Interreg wordt door het Nederlands kennisveld gezien als een waardevol instrument, vanwege de innovatiegerichte onderzoeksactiviteiten die gerealiseerd kunnen worden in samenwerkingsverbanden, zonder de barrière van grenzen. Het programma draagt sterk bij aan de realisatie van praktisch toepasbare en innovatieve kennis en financiële middelen binnen onderzoek en onderwijs. Daarbij heeft Nederland een gunstige geografische ligging voor Interreg-projecten, met een locatie aan de Noordzee en grenzen met Duitsland en België.

Voor Interreg-projecten in het algemeen geldt dat zij een hoog Technology Readiness Level (TRL) kunnen bereiken. Dit wil zeggen dat het gaat om technologie die technisch en commercieel gereed is. Ook dit maakt Interreg voor de Nederlandse kennisinstellingen, universiteiten en het bedrijfsleven een waardevol instrument. Een bijkomend voordeel van het hoge TRL-niveau dat Interreg weet te bereiken, is dat er complementariteit is met andere Europese programma’s. Het lijkt erop dat een succesvolle ervaring met het ene Europese Kaderprogramma voor Onderzoek & Innovatie, de barrière voor deelname aan een Interreg-programma verkleint, omdat projecten in lagere TRL-niveaus (zoals Horizon met niveau 1 t/m 3) een basis kunnen vormen voor vervolgprojecten in hogere TRL-niveaus (zoals Interreg met niveau 4 t/m 6).
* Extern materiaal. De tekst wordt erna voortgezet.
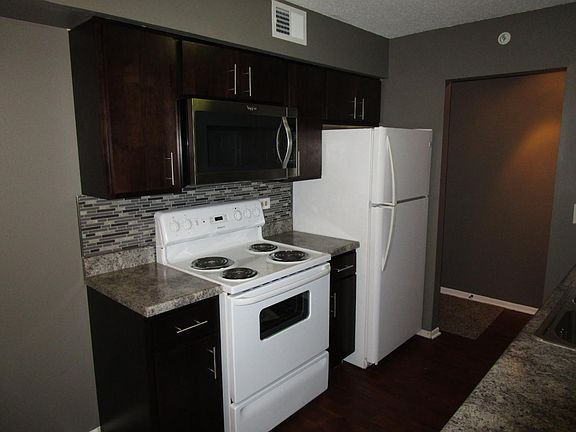 2nd image of 1009 Buccaneer Dr APT 6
Nederlandse Interreg-projecten uitgelicht

Het beschikbare budget voor Nederland in het huidige Interreg-programma (2014-2020) is 348 miljoen euro, aangevuld met een 50% financiering door de (lokale) overheid en bedrijven. Op dit moment zijn er diverse (inhoudelijk) zeer succesvolle projecten in Nederland die lopen via het Interreg-programma. Een daarvan is Skills Navigator, dat via het programmagebied Interreg Vlaanderen-Nederland, wordt ge-co-financiert. Het project brengt de vaardigheden in kaart die zijn vereist voor (toekomstige) banen in de steden Antwerpen, Gent, Terneuzen en Rotterdam. In de grensregio, en specifiek in deze grote havensteden, is de mismatch tussen arbeidsvraag en -aanbod een groot knelpunt. Via het Interreg-project wordt grensoverschrijdende samenwerking tussen havensteden mogelijk gemaakt om het probleem nader te onderzoeken en aan te pakken. Diverse mbo-scholen en hogescholen nemen deel aan het programma, waaronder Scalda en de STC-group.
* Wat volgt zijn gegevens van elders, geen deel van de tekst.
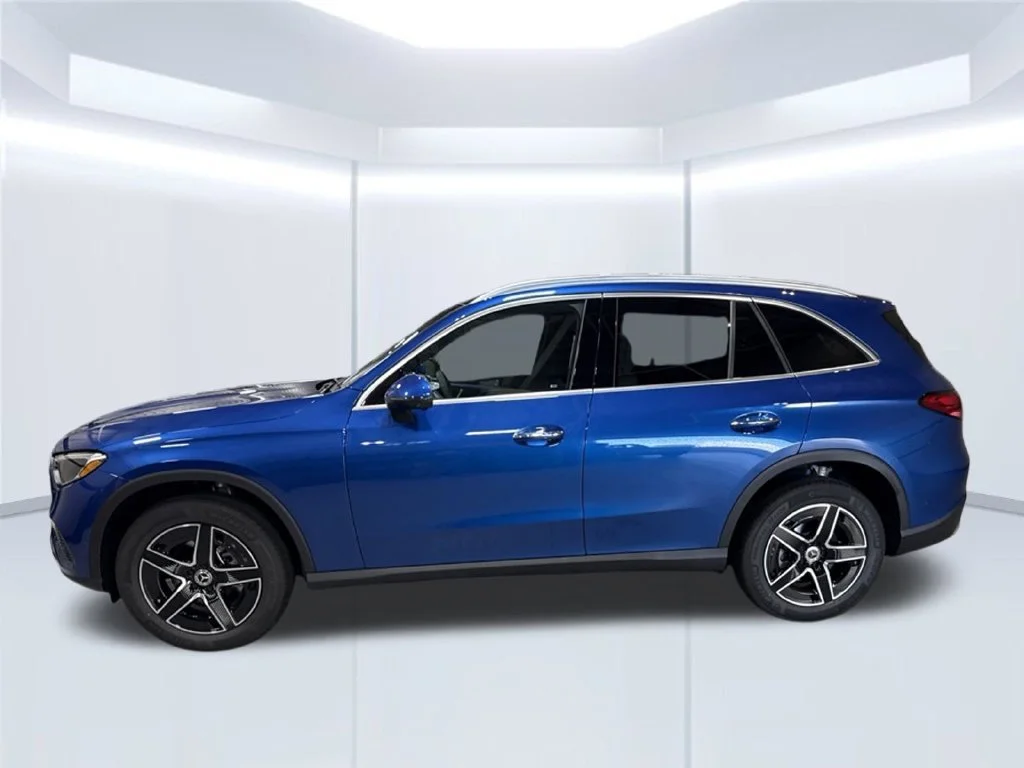 New 2027 Starling Blue Metallic Mercedes-Benz GLC 300 image 2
Een ander Interreg VA-project van Interreg Vlaanderen-Nederland was het Euregional PACT, dat onder leiding van de Universiteit Maastricht via Interreg een virtueel onderzoekslaboratorium tot stand heeft gebracht en een aantal basistechnologieën heeft ontwikkeld in de strijd tegen huidkanker. Het Interreg-programmagebied heeft er met financiering en een netwerk voor gezorgd dat grensverleggend onderzoek plaatsvond tussen universiteiten in België en Nederland.
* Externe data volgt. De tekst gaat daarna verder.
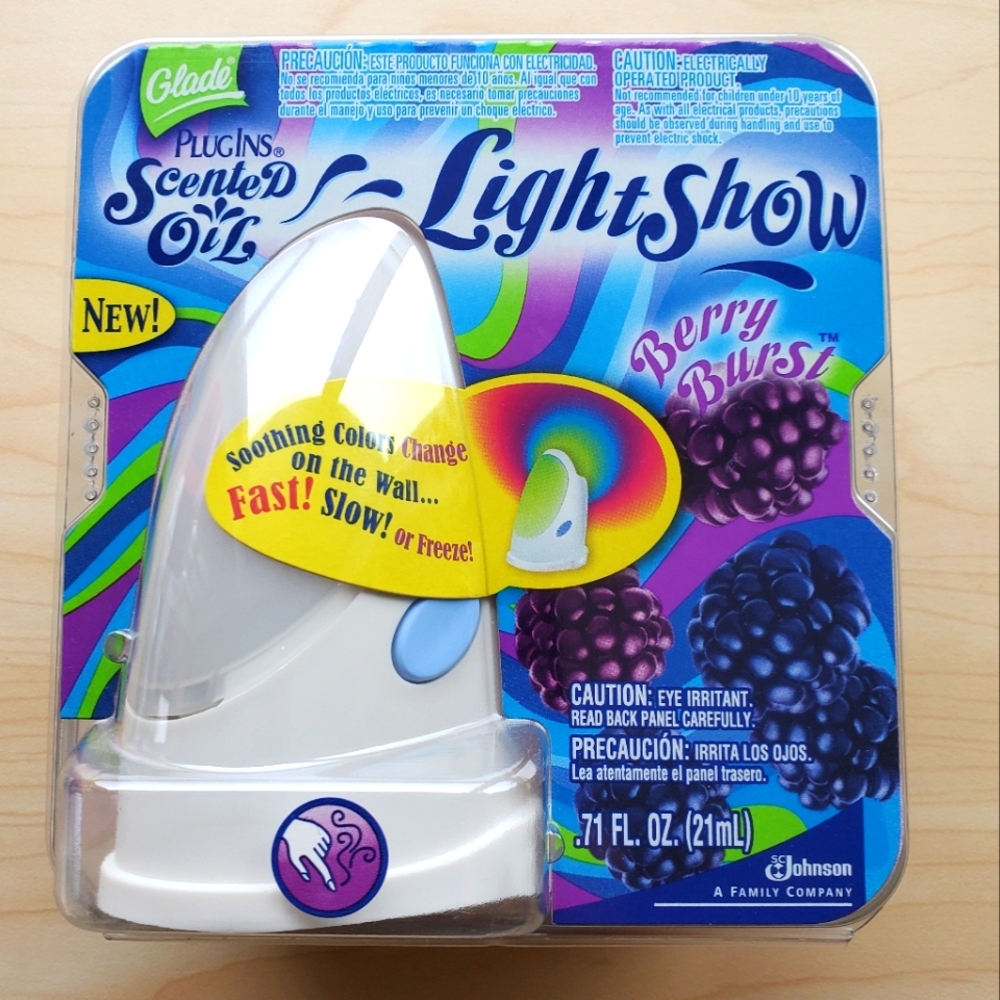 Glade Plugins Scented Oil Light Show Color Air Freshener Berry Burst Plug Ins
Andere programmagebieden waar Nederland aan deelneemt zijn Interreg Noord-West Europa en 2 Zeeën. Dit laatste programmagebied focust zich op projecten in de regio van het Verenigd Koninkrijk, Frankrijk, Nederland en Vlaanderen, om natuurlijke hulpbronnen te beschermen en een groene economie te bevorderen. Een van de projecten is Polder2C’s, dat als doel heeft om de regio voor te bereiden op klimaatverandering door klimaatadaptatie. Grensoverschrijdende samenwerking tussen de 2 Zeeënlanden is noodzakelijk om gezamenlijke uitdagingen op te lossen; overstromingen en natuurgebieden stoppen immers niet bij een grens. Van grote waarde is daarnaast de verzameling aan benaderingen en expertise die aanwezig is in de regio. Aan het project nemen onder andere de TU Delft en de HZ University of Applied Sciences (Hogeschool Zeeland) deel.

Kansen en mogelijkheden

De bovenstaande projecten hebben een aantal overeenkomsten. Het grensoverschrijdende karakter van de projecten is essentieel voor het succes van het project; aan beide zijden van de grens moet men zorgen voor activiteiten, cofinanciering en partners. Een bijkomend voordeel hiervan is dat het delen en samenbrengen van expertise, ideeën en strategieën uit de verschillende landen leidt tot innovatievere en slimmere oplossingen voor gedeelde problemen. Daarentegen maakt onbekend onbemind. Kennisinstellingen die zijn betrokken bij Interreg-projecten hebben een goede aansluiting op financiering en een netwerk voorbij de grens, maar omgekeerd sijpelt het succes van deze projecten niet door naar kennisinstellingen die minder bekend zijn met het programma.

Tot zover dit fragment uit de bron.